### Extracted entries
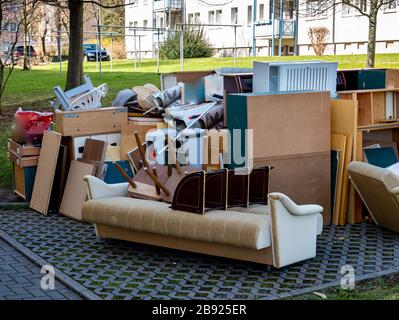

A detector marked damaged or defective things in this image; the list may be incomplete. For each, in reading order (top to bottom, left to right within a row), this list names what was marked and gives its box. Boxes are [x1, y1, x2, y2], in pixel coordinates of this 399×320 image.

broken furniture [51, 74, 108, 110]
broken furniture [253, 60, 338, 97]
broken furniture [7, 139, 40, 201]
broken furniture [81, 176, 324, 268]
broken furniture [227, 91, 332, 224]
broken furniture [348, 162, 399, 232]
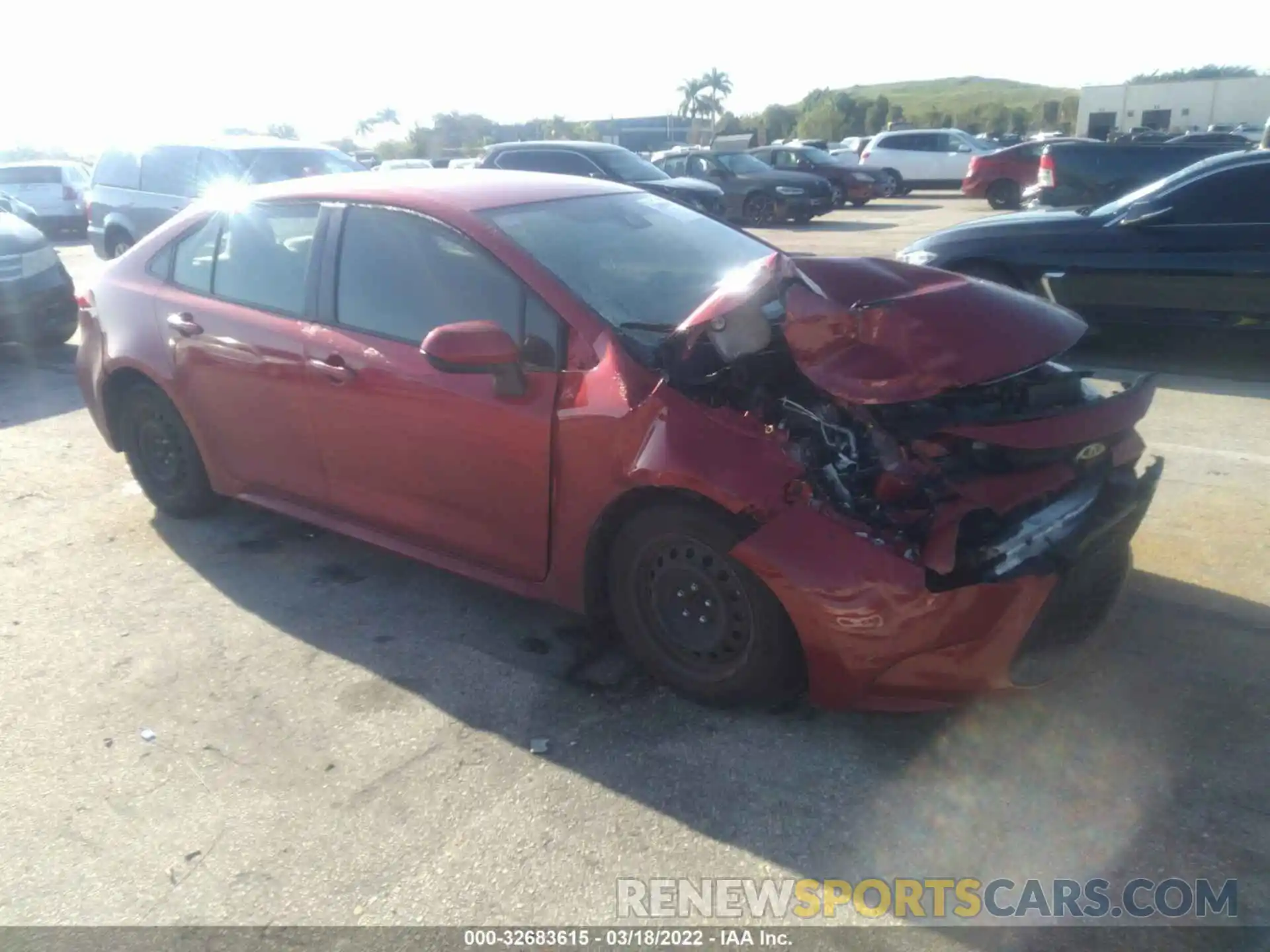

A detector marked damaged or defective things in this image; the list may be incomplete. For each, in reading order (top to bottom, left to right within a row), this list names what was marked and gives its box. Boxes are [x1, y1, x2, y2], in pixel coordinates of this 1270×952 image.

damaged red car [77, 170, 1163, 711]
crumpled hood [681, 254, 1087, 406]
crushed front end [670, 254, 1163, 711]
damaged front bumper [736, 459, 1163, 711]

### What you need to do
Your task is to set down exactly the lines from the line containing "this 1270×952 image." to the end of the data above, including both ends.

### Response
A detector marked damaged or defective things in this image; the list may be incomplete. For each, in reading order (top to bottom, left to right within a row), this list names what was marked and gives its box. Boxes are [x1, y1, x2, y2], in pixel coordinates of this 1270×952 image.

damaged red car [77, 170, 1163, 711]
crumpled hood [681, 254, 1087, 406]
crushed front end [670, 254, 1163, 711]
damaged front bumper [736, 459, 1163, 711]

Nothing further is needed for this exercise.